(Recorded data)
....
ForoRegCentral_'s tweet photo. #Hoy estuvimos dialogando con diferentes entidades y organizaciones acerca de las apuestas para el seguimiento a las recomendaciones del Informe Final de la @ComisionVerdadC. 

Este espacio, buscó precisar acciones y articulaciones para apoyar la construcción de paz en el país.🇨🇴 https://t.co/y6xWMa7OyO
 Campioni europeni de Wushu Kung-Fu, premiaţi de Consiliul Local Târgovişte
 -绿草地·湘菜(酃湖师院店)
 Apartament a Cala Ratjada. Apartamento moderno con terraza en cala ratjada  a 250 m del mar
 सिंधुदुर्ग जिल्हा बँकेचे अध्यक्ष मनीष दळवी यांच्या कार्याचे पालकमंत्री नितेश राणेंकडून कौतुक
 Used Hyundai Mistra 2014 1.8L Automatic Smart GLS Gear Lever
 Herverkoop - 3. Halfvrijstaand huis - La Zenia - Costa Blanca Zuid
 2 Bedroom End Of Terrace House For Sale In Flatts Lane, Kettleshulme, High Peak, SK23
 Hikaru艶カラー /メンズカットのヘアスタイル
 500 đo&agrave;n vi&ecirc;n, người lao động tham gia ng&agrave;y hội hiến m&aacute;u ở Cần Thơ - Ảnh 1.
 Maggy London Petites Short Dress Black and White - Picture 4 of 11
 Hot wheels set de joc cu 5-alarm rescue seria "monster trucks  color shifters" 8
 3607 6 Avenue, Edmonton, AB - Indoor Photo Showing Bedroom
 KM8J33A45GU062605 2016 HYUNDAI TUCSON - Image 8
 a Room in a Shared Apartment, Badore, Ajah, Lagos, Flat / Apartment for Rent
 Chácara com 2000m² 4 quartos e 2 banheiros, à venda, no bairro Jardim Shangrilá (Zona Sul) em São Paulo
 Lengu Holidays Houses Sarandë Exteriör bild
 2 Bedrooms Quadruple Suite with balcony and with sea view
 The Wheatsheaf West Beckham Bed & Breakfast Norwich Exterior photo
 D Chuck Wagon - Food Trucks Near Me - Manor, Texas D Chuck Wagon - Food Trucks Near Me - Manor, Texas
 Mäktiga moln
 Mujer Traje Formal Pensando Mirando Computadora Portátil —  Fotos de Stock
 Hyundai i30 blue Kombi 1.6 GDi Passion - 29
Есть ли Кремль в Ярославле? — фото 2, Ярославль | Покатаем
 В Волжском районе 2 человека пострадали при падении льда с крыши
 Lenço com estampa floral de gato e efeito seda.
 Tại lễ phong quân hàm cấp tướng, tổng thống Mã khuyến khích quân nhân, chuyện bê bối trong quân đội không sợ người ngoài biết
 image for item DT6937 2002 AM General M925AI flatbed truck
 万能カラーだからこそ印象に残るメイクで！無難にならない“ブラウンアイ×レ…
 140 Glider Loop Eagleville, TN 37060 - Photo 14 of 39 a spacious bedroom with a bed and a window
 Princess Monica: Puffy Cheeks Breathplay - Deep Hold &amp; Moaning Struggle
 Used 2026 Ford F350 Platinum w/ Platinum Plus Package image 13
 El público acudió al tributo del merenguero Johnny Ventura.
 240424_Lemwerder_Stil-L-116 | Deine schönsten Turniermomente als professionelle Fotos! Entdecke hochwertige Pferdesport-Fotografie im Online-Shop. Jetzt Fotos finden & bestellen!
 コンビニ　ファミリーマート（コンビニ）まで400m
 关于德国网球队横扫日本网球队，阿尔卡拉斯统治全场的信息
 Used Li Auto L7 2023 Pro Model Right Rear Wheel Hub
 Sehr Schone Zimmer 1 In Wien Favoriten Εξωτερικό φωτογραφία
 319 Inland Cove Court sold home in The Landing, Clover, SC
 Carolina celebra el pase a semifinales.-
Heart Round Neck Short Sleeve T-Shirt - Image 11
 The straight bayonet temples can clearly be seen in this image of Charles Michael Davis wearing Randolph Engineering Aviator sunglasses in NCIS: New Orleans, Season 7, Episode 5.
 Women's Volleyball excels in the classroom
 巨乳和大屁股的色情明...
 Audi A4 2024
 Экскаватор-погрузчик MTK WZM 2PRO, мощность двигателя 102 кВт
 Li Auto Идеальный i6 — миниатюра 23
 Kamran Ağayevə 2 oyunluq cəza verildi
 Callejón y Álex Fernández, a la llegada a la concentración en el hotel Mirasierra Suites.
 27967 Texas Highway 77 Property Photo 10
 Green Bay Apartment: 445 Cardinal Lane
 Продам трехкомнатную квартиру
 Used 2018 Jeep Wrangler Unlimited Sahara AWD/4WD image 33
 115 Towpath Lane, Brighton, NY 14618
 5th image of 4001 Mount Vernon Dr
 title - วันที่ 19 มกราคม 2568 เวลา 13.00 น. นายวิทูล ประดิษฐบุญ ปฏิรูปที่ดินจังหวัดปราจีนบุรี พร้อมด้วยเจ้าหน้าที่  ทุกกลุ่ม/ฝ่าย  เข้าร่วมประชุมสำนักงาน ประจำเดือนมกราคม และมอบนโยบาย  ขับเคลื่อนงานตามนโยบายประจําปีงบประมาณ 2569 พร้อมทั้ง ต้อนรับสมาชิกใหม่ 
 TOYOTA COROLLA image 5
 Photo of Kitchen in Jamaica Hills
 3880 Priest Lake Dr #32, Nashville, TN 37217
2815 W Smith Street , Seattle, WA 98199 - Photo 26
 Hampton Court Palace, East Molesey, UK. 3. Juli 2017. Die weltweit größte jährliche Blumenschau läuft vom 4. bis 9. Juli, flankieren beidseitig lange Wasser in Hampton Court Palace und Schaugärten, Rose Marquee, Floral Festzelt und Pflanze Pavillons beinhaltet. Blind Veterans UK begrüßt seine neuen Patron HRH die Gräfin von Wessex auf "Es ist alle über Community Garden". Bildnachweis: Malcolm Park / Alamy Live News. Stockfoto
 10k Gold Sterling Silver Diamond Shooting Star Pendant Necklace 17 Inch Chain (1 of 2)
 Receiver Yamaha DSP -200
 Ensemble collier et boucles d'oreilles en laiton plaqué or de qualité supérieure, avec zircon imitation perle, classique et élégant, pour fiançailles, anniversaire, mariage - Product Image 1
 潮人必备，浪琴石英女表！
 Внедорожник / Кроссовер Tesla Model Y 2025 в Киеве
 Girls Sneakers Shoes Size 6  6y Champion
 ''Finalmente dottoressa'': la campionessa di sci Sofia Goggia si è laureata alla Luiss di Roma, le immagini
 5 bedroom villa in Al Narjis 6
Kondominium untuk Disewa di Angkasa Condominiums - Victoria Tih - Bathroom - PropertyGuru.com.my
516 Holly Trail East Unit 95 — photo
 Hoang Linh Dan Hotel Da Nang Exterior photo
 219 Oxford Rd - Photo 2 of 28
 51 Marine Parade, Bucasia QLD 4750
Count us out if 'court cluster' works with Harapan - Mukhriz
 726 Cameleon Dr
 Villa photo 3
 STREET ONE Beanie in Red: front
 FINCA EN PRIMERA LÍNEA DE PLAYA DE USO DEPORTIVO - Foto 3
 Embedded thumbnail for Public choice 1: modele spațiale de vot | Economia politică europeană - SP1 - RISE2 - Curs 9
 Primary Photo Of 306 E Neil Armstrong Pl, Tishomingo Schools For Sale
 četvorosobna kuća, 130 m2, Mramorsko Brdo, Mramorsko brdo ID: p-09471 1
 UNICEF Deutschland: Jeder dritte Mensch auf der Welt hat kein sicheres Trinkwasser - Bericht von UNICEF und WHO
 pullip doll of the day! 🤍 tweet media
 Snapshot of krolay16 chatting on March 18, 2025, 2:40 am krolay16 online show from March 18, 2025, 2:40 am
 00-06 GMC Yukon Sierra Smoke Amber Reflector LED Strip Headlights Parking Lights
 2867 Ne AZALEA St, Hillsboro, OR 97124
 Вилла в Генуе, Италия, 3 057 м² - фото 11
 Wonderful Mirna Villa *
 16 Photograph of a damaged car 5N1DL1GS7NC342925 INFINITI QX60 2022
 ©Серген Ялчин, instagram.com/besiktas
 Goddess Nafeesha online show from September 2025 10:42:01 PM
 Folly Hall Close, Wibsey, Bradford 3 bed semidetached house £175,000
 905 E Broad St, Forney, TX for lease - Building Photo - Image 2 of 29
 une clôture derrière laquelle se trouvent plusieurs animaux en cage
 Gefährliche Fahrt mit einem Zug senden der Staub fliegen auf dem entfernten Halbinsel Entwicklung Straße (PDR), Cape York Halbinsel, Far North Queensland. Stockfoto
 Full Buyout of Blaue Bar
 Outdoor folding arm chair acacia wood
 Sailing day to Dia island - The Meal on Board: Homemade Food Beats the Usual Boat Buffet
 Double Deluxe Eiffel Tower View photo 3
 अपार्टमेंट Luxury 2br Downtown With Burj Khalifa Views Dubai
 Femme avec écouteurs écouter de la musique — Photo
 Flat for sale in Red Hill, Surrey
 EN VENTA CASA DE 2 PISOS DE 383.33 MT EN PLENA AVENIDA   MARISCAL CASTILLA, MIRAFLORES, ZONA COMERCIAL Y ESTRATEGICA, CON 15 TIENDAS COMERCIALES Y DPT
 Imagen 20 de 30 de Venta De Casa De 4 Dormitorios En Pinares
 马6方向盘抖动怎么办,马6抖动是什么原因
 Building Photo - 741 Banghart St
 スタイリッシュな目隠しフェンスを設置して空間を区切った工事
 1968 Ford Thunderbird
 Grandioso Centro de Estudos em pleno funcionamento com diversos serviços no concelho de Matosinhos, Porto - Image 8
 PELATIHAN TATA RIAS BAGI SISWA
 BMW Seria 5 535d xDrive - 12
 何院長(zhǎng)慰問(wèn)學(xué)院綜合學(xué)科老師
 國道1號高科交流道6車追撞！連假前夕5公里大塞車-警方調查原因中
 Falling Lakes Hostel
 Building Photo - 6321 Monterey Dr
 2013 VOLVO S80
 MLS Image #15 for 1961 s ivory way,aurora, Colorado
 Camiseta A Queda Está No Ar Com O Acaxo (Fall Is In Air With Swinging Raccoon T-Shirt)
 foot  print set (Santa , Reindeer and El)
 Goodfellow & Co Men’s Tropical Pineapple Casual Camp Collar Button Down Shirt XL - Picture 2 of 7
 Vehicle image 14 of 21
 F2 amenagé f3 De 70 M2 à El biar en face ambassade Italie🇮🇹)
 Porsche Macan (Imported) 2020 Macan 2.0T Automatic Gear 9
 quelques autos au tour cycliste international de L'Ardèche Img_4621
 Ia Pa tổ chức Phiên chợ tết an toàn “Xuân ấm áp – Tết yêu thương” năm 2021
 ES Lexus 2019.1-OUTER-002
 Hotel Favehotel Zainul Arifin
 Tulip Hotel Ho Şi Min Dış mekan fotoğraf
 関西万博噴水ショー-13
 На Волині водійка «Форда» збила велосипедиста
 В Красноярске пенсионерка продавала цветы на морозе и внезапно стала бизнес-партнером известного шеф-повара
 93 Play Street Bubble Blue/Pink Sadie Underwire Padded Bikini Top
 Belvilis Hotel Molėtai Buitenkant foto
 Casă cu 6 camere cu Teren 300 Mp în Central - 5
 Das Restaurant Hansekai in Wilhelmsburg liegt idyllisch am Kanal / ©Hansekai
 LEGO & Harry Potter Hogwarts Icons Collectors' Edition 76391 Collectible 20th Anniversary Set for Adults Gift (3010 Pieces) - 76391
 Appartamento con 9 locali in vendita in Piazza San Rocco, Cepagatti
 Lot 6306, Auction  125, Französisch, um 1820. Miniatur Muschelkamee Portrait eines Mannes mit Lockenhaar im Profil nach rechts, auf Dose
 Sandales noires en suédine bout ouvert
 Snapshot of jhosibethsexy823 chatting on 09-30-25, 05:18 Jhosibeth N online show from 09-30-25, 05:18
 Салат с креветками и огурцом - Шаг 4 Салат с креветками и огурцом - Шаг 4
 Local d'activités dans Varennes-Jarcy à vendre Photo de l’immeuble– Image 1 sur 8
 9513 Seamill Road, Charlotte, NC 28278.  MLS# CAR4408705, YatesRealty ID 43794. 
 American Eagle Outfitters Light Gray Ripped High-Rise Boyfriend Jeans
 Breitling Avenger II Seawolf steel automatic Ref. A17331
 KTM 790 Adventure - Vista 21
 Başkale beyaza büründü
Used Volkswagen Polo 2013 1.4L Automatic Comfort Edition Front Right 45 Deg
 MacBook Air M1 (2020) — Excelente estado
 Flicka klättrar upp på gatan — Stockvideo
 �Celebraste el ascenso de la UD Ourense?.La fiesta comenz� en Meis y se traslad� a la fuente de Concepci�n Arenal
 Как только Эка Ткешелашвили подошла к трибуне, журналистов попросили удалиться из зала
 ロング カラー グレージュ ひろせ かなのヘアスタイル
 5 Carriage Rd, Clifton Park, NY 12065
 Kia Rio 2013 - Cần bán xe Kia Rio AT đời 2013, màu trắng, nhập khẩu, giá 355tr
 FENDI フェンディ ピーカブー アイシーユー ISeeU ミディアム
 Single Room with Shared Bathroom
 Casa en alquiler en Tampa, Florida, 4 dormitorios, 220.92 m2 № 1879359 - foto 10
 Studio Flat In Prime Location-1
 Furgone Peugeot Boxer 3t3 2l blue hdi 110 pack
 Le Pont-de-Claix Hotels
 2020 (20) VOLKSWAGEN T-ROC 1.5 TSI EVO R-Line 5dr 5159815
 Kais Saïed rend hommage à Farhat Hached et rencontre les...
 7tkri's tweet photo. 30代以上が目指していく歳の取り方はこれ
....
**Aim of the task:**
With the first line being the one containing "ES Lexus 2019.1-OUTER-002" and the last line the one containing "5 Carriage Rd, Clifton Park, NY 12065", transcribe exactly the lines above that fall in that range.

**Exercise answer:**
 ES Lexus 2019.1-OUTER-002
 Hotel Favehotel Zainul Arifin
 Tulip Hotel Ho Şi Min Dış mekan fotoğraf
 関西万博噴水ショー-13
 На Волині водійка «Форда» збила велосипедиста
 В Красноярске пенсионерка продавала цветы на морозе и внезапно стала бизнес-партнером известного шеф-повара
 93 Play Street Bubble Blue/Pink Sadie Underwire Padded Bikini Top
 Belvilis Hotel Molėtai Buitenkant foto
 Casă cu 6 camere cu Teren 300 Mp în Central - 5
 Das Restaurant Hansekai in Wilhelmsburg liegt idyllisch am Kanal / ©Hansekai
 LEGO & Harry Potter Hogwarts Icons Collectors' Edition 76391 Collectible 20th Anniversary Set for Adults Gift (3010 Pieces) - 76391
 Appartamento con 9 locali in vendita in Piazza San Rocco, Cepagatti
 Lot 6306, Auction  125, Französisch, um 1820. Miniatur Muschelkamee Portrait eines Mannes mit Lockenhaar im Profil nach rechts, auf Dose
 Sandales noires en suédine bout ouvert
 Snapshot of jhosibethsexy823 chatting on 09-30-25, 05:18 Jhosibeth N online show from 09-30-25, 05:18
 Салат с креветками и огурцом - Шаг 4 Салат с креветками и огурцом - Шаг 4
 Local d'activités dans Varennes-Jarcy à vendre Photo de l’immeuble– Image 1 sur 8
 9513 Seamill Road, Charlotte, NC 28278.  MLS# CAR4408705, YatesRealty ID 43794. 
 American Eagle Outfitters Light Gray Ripped High-Rise Boyfriend Jeans
 Breitling Avenger II Seawolf steel automatic Ref. A17331
 KTM 790 Adventure - Vista 21
 Başkale beyaza büründü
Used Volkswagen Polo 2013 1.4L Automatic Comfort Edition Front Right 45 Deg
 MacBook Air M1 (2020) — Excelente estado
 Flicka klättrar upp på gatan — Stockvideo
 �Celebraste el ascenso de la UD Ourense?.La fiesta comenz� en Meis y se traslad� a la fuente de Concepci�n Arenal
 Как только Эка Ткешелашвили подошла к трибуне, журналистов попросили удалиться из зала
 ロング カラー グレージュ ひろせ かなのヘアスタイル
 5 Carriage Rd, Clifton Park, NY 12065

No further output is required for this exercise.